Figure 4.3: Residual Plot for Regression of Weight on Height


The panel of regression diagnostics in Figure 4.4 provides an even more detailed look at the model-data agreement. The graph in the upper left panel repeats the raw residual plot in Figure 4.3. The plot of the RSTUDENT residuals shows externally studentized residuals that take into account heterogeneity in the variability of the residuals. RSTUDENT residuals that exceed the threshold values of $\pm 2$ often indicate outlying observations. The residual-by-leverage plot shows that two observations have high leverage—that is, they are unusual in their height values relative to the other children. The normal-probability Q-Q plot in the second row of the panel shows that the normality assumption for the residuals is reasonable. The plot of the Cook’s D statistic shows that observation 15 exceeds the threshold value, indicating that the observation for this child has a strong influence on the regression parameter estimates.

Figure 4.4: Panel of Regression Diagnostics


For more information about the interpretation of regression diagnostics and about ODS statistical graphics with PROC REG, see Chapter 83: The REG Procedure.

SAS/STAT regression procedures produce the following information for a typical regression analysis:

  • parameter estimates that are derived by using the least squares criterion

  • estimates of the variance of the error term

  • estimates of the variance or standard deviation of the sampling distribution of the parameter estimates

  • tests of hypotheses about the parameters

SAS/STAT regression procedures can produce many other specialized diagnostic statistics, including the following:

  • collinearity diagnostics to measure how strongly regressors are related to other regressors and how this relationship affects the stability and variance of the estimates (REG procedure)
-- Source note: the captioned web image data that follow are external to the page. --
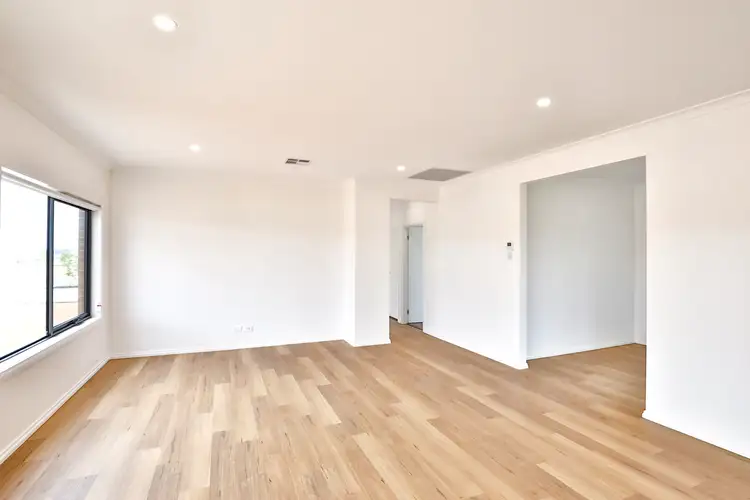 Sixth view of Homely house listing, 49 Sixteenth Street, Mildura VIC 3500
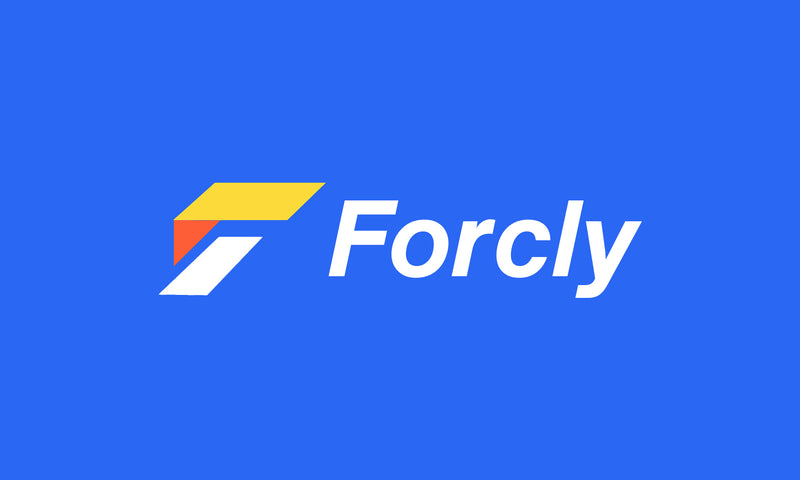 Forcly.com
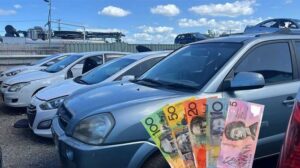 How to Sell Your Car Quickly and Receive Cash Without Delays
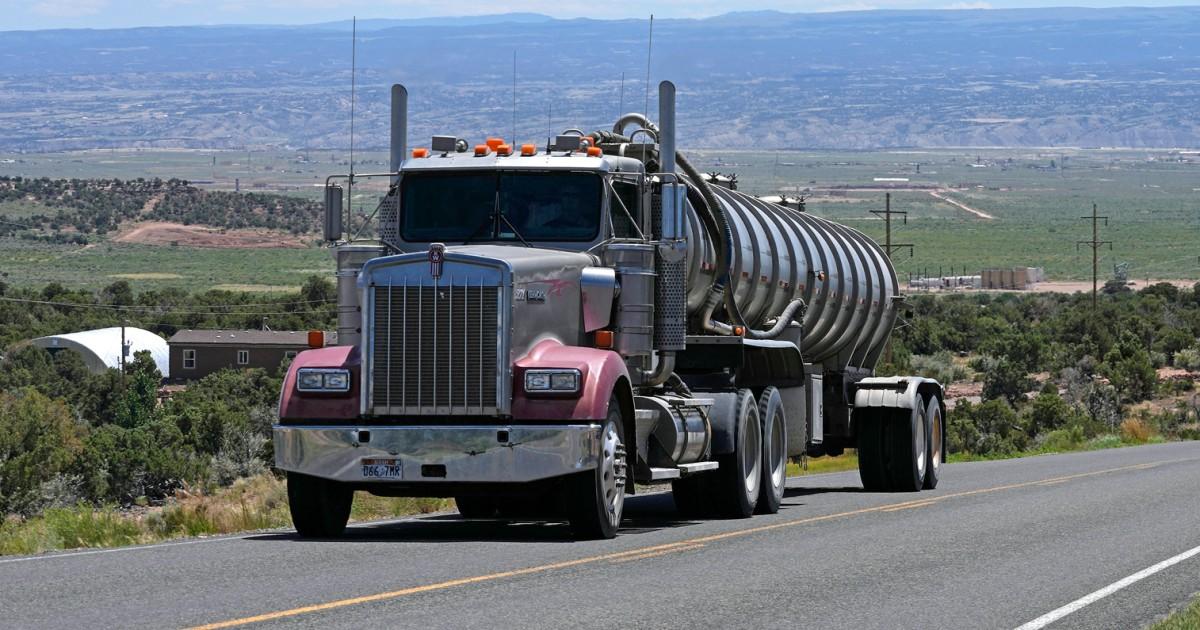 250826 truck highway vl 1059a 35161d 1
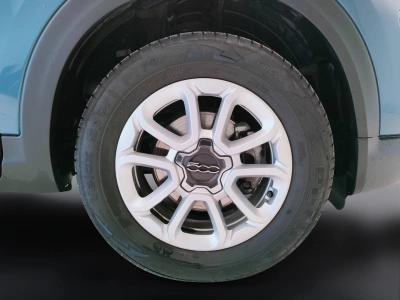 10 - Fiat 500 Cascioli Group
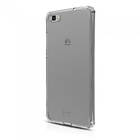 itskins Spectrum for Huawei P8 Lite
  • influence diagnostics to measure how each individual observation contributes to determining the parameter estimates, the SSE, and the fitted values (GENMOD, GLM, LOGISTIC, MIXED, NLIN, PHREG, REG, and RSREG procedures)

  • lack-of-fit diagnostics that measure the lack of fit of the regression model by comparing the error variance estimate to another pure error variance that does not depend on the form of the model (CATMOD, LOGISTIC, PROBIT, and RSREG procedures)
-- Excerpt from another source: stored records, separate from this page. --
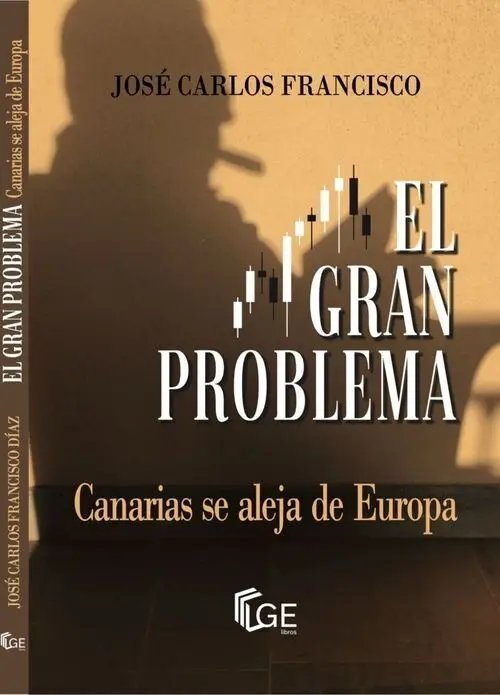 El Gran Problema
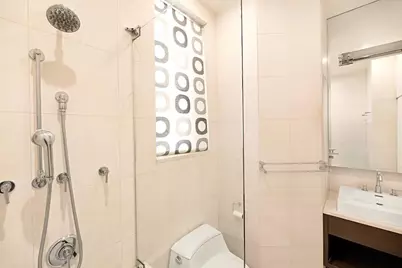 525 Park Avenue #10D, New York City, NY 10065 - Photo 4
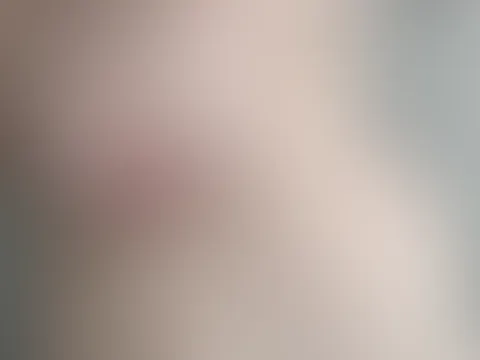 Voyeur nach dem Duschen 👀
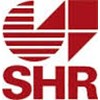 SHR keurmerk SHR keurmerk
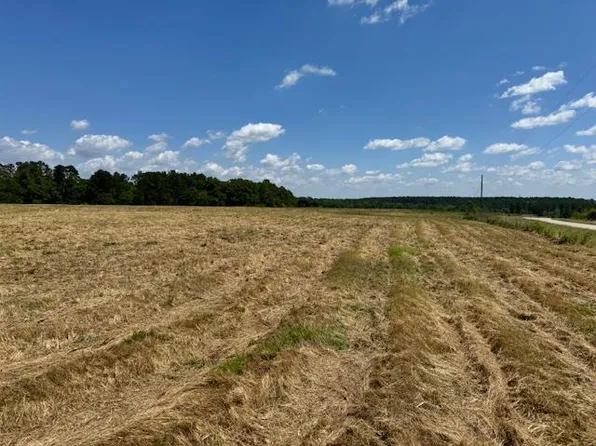 0 N County Road 33, Ashford, AL 36312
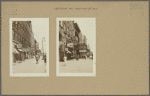 Manhattan: 14th Street - 3rd Avenue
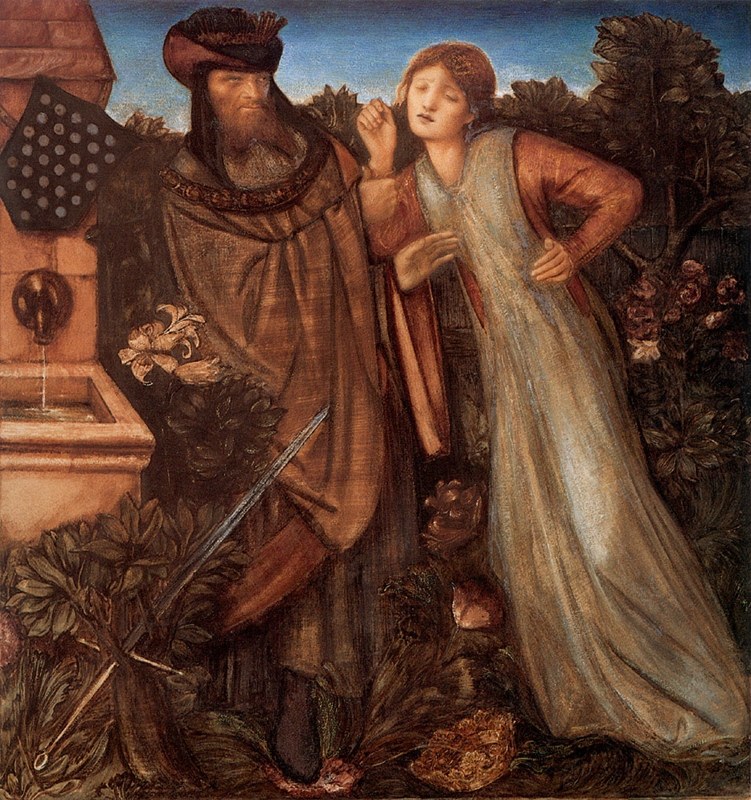 Sir+Edward+Burne+Jones-1833-1898 (24).jpg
  • diagnostic plots that check the fit of the model (GLM, LOESS, PLS, REG, RSREG, and TPSPLINE procedures)

  • predicted and residual values, and confidence intervals for the mean and for an individual value (GLIMMIX, GLM, LOESS, LOGISTIC, NLIN, PLS, REG, RSREG, TPSPLINE, and TRANSREG procedures)

  • time series diagnostics for equally spaced time series data that measure how closely errors might be related across neighboring observations. These diagnostics can also measure functional goodness of fit for data that are sorted by regressor or response variables (REG and SAS/ETS procedures).
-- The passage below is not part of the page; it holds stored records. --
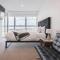 'The Fawn' Relish in Sub-Penthouse Panorama - Мельбурн
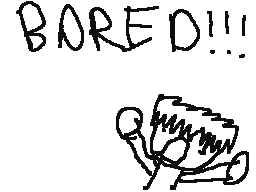 Flipnote por Scott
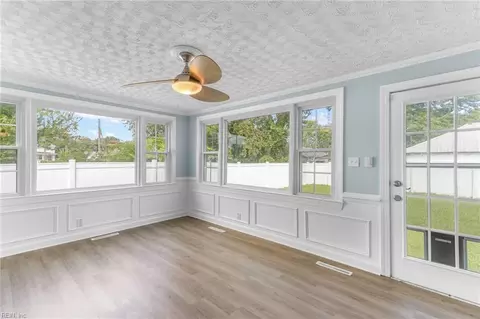 Other - 5 E Chamberlin Ave, Hampton, VA 23663 photo 6 of 10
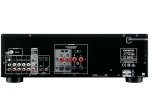 Onkyo TX-8220 Стерео ресивер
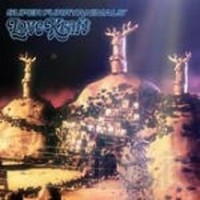 Super Furry Animals - Love Kraft CD (2005)
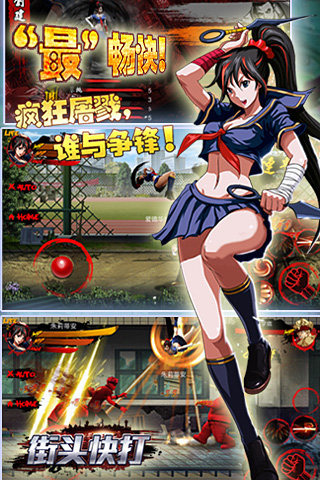 ��ͷ���v1.1.0.0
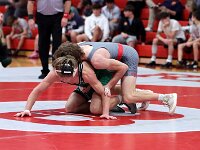 2025-boyswrestclearfork-2052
Many SAS/STAT procedures produce general and specialized statistical graphics through ODS Graphics to diagnose the fit of the model and the model-data agreement, and to highlight observations that strongly influence the analysis. Figure 4.2, Figure 4.3, and Figure 4.4, for example, show three of the ODS statistical graphs that are produced by PROC REG by default for the simple linear regression model. For general information about ODS Graphics, see Chapter 21: Statistical Graphics Using ODS. For specific information about the ODS statistical graphs available with a SAS/STAT procedure, see the PLOTS option in the Syntax section for the PROC statement and the ODS Graphics section in the Details section of the individual procedure documentation.